Task State Segment

While running in user mode, an interrupt/exception or a system call causes the CPU to switch to kernel mode. This causes a change in privilege level (from CPL=3 to CPL=0). The CPU cannot use the user stack while in kernel mode, since the interrupt could have been caused by something that makes the stack unusable, e.g. a page fault caused by running out of stack space. So, the CPU needs to switch to a known good stack. This is where the Task State Segment (TSS) comes in.

The TSS originally was designed to support hardware task switching. This is a feature that allows the CPU to switch between multiple tasks (each having its own TSS) without software intervention. This feature is not used in modern operating systems, which rely on software task switching, but the TSS is still used to switch stacks when entering kernel mode.

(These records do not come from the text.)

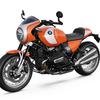 BMW R 12 S - Avance 1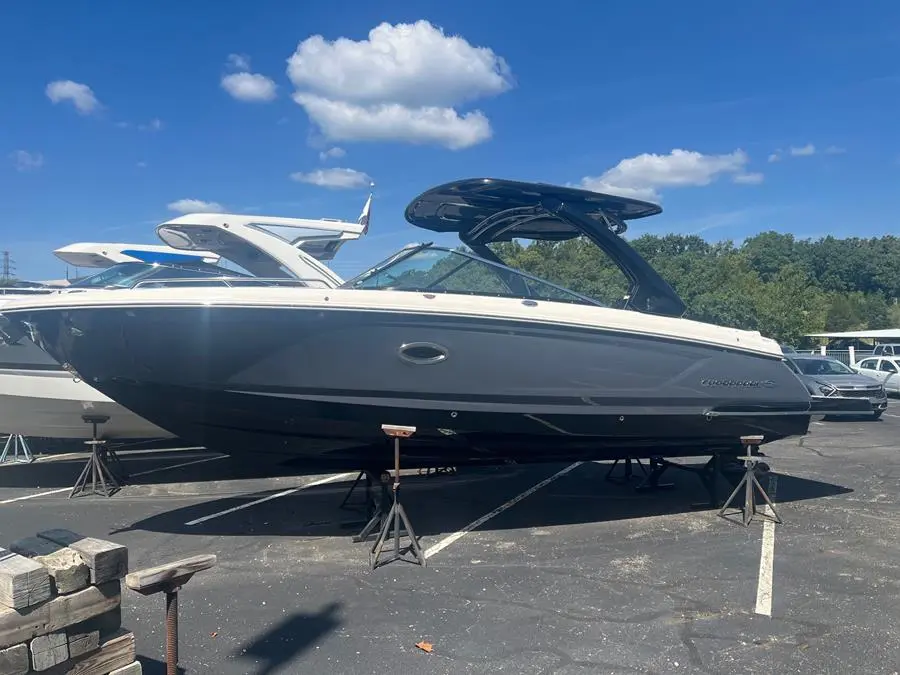 Formula Boats Of Missouri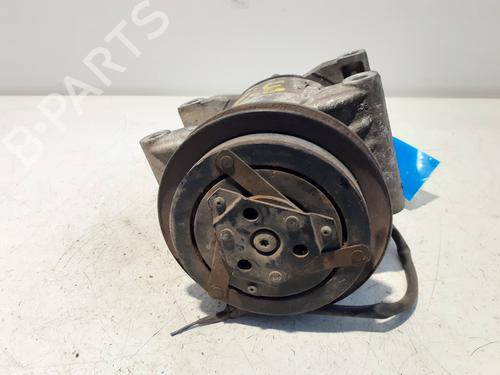 AC-Kompressor NISSAN ALMERA TINO (V10) 2.2 dCi (115 hp) 27274080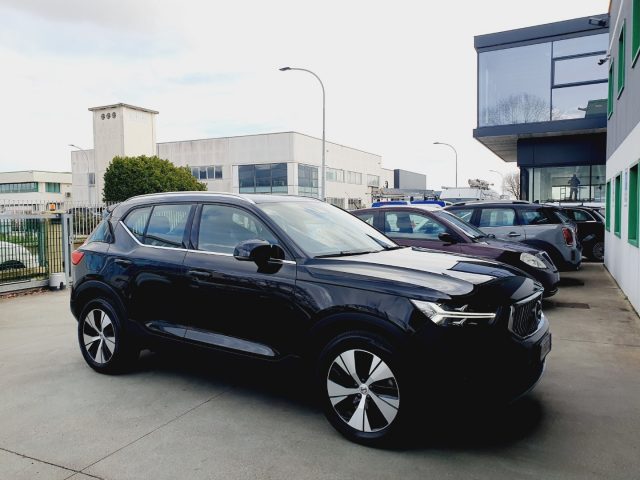 VOLVO XC40 T5 Recharge Plug-in Hybrid Inscription Expression Immagine 1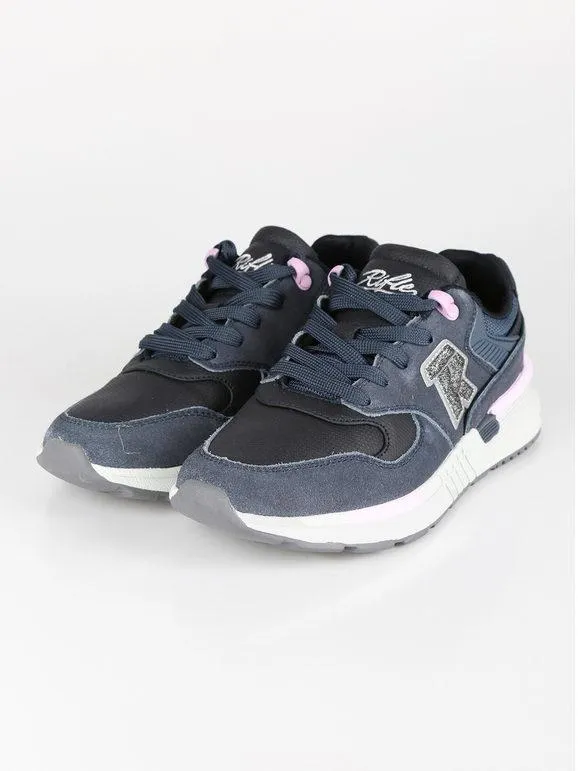 Rifle KELLY 023805  Zapatillas de mujer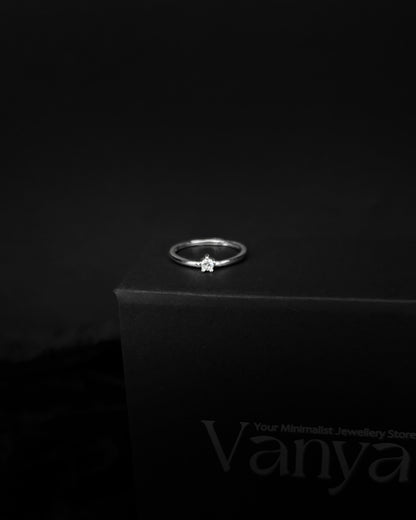 Lumiére Ring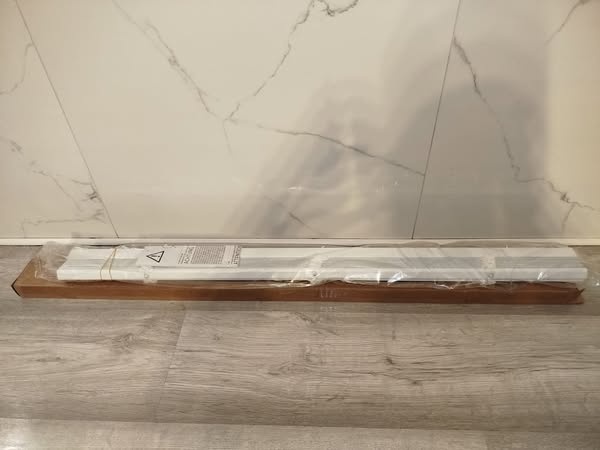 Žaluzie 90x220cm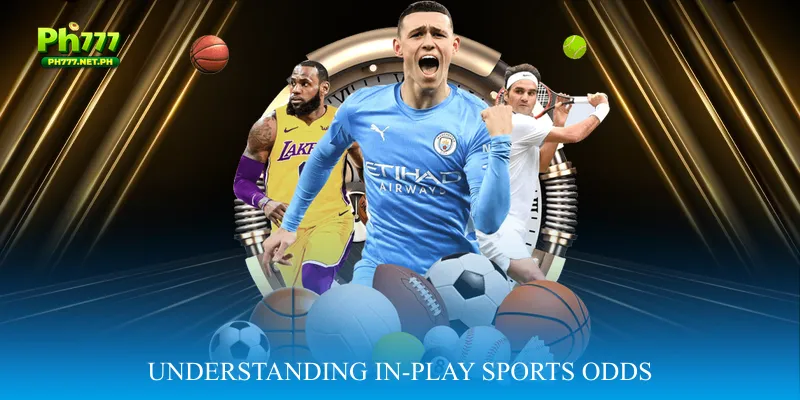 Understanding In-Play Sports Odds and Their Appeal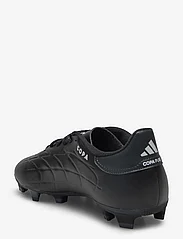 adidas Performance - COPA PURE 2 CLUB FxG - fotbollsskor - cblack/carbon/greone - 2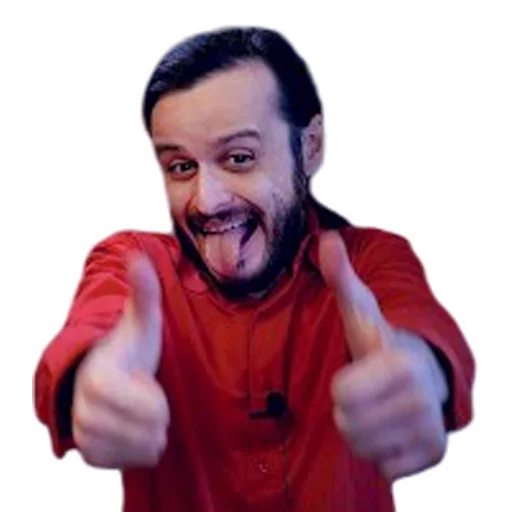 Sticker iXBT Games - 3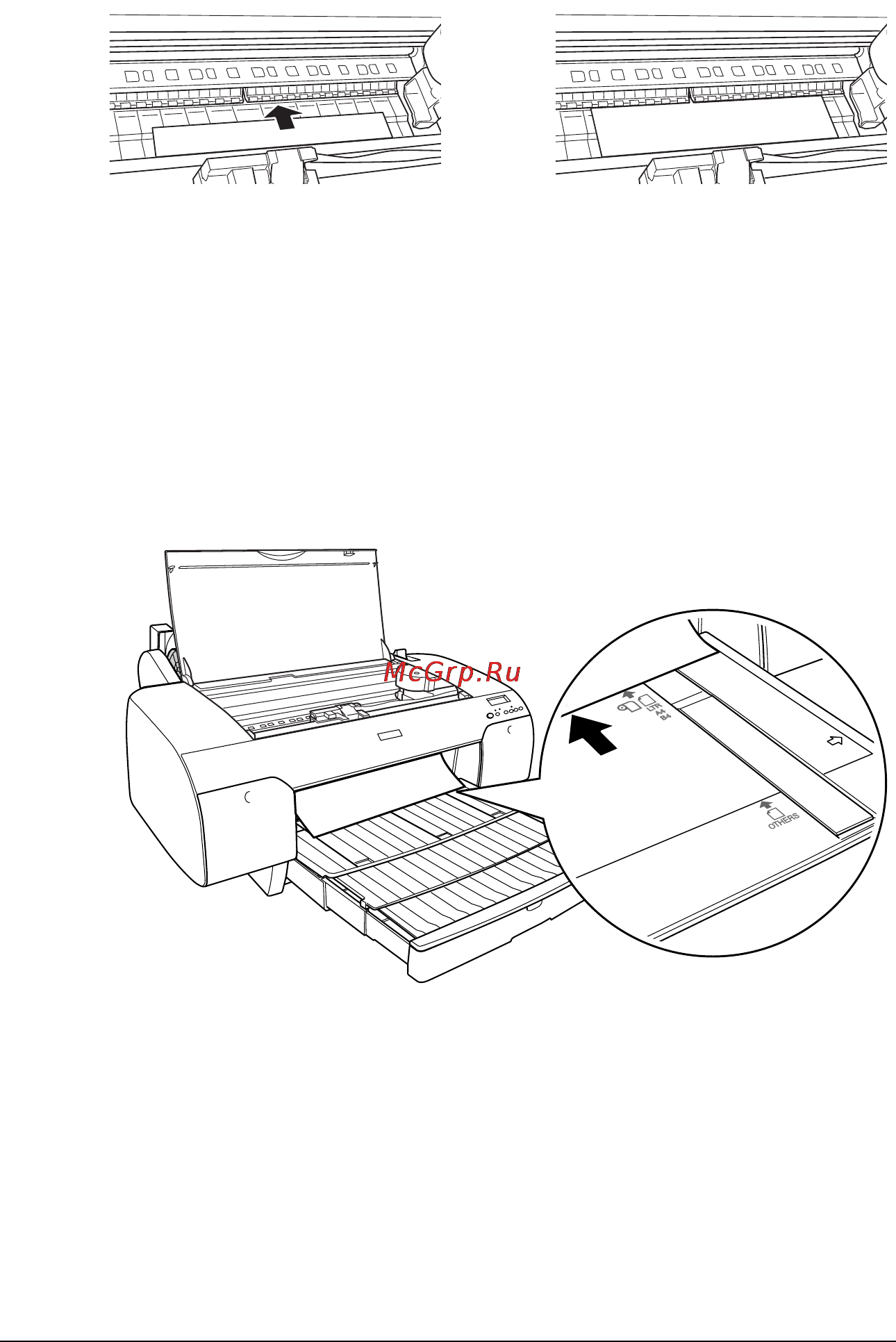 Epson Stylus Pro 4880 [235/358] R41aa177p a all bk rev c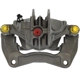 Purchase Top-Quality Front Left Rebuilt Caliper With Hardware by CENTRIC PARTS - 141.39012 pa11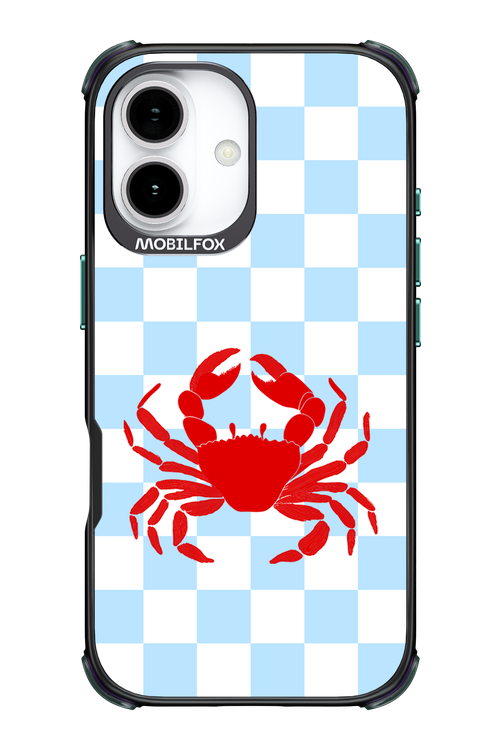 Oh Crab - Apple iPhone 17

The TSS on x64 contains two sets of stack pointers:

  • One set holds three stack pointers, RSP0, RSP1, and RSP2, to use when switching to CPL=0, CPL=1, and CPL=2, respectively. Typically, only RSP0 is used when switching from user mode to kernel mode, since rings 1 and 2 are not used in modern operating systems.
  • The other set holds so-called Interrupt Stack Table, which can hold up to seven stack pointers, IST1 through IST7, to use when handling interrupts. The decision to use one of those stacks is made by the Interrupt Descriptor Table entry for the interrupt. The stack pointer to use is stored in the IST field of the IDT entry. This means that different interrupts can use different stacks. If an IDT entry doesn't specify a stack, the CPU uses the stack pointed to by RSP0.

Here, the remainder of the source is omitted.